Work required:
Lines from the one containing "this 960×540 image." through the last line of the material below: print these exactly, and only these.

The records:
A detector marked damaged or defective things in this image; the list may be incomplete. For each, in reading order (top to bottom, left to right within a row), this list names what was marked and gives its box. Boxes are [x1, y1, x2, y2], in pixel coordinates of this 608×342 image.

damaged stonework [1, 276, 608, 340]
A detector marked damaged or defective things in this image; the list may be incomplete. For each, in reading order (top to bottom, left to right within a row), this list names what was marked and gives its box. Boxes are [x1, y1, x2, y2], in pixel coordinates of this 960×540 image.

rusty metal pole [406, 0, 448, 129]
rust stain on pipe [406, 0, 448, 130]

Task answer:
A detector marked damaged or defective things in this image; the list may be incomplete. For each, in reading order (top to bottom, left to right within a row), this list names what was marked and gives its box. Boxes are [x1, y1, x2, y2], in pixel coordinates of this 960×540 image.

rusty metal pole [406, 0, 448, 129]
rust stain on pipe [406, 0, 448, 130]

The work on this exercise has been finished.